Their Bluetooth headsets, on the other hand, were normal.

On the drive across town, Grimaldi had scanned the neighborhood on Google Earth, getting the layout and an aerial of the Hezbollah safe house. It was on the small side, maybe four bedrooms, although he couldn’t judge the floor plan from a snapshot of the roof, taken from outer space. The last snap hadn’t captured any dogs roaming the fenced backyard, which faced a narrow alley at the rear. There’d been no guards outside, either, and Bolan wasn’t sure exactly what to think of that.

It could go either way, he knew, after their hit on Calle Victor Hugo Norte. If the Hezbollah hardmen were hurt and spooked badly enough, they might have fled the city, but he didn’t think so. It was more likely, to Bolan’s mind, that they would go to ground at their alternate hideout, pull the blinds and disconnect the phones, hoping the storm blew past them and moved on.
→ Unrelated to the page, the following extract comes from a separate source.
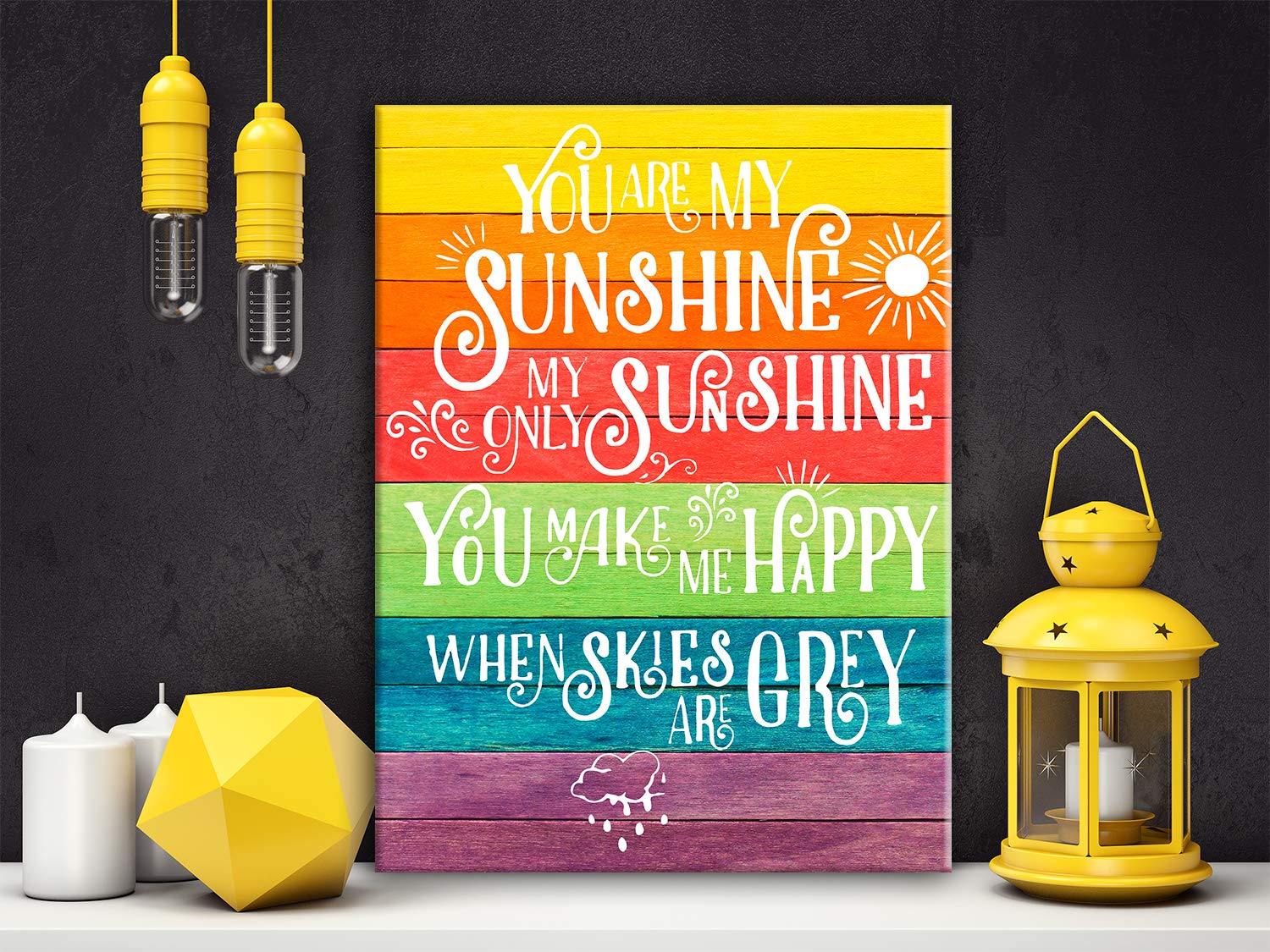 You Are My Sunshine Sign Canvas Wall Art, Prints Framed Artwork Gifts Children's Nursery Bedroom Decoration, Canvas Wall Art Printing for Kids Baby Bedroom Decoration Size 12x16 1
If he was wrong, this second stop-off was a waste of time. They should be airborne, winging out of Paraguay and toward their next meeting with God’s Hammer, on the far side of the world.

But Bolan wasn’t often wrong. He had a feel for what his enemies were thinking, how they’d play it in a given situation. Even dealing with fanatics hyped on hatred and religion, he could get inside most predators’ minds and guess what to expect, at least in generalities.

Because at bottom, where it mattered, they were all the same.

“You want the front or back?” Bolan asked.

“Front,” Grimaldi said. “I know enough Spanish to confuse them and get a foot in the door.”

“As long as they don’t chop it off,” Bolan said.

“No problemo, señor.”

“Okay, you convinced me.”

The back door could go either way, once Grimaldi dropped in around in front. The men they wanted could come boiling out the back or plaster Grimaldi with everything they had to keep him out. If it went down that way, Bolan would be a rude surprise for them, another drop-in they were not expecting.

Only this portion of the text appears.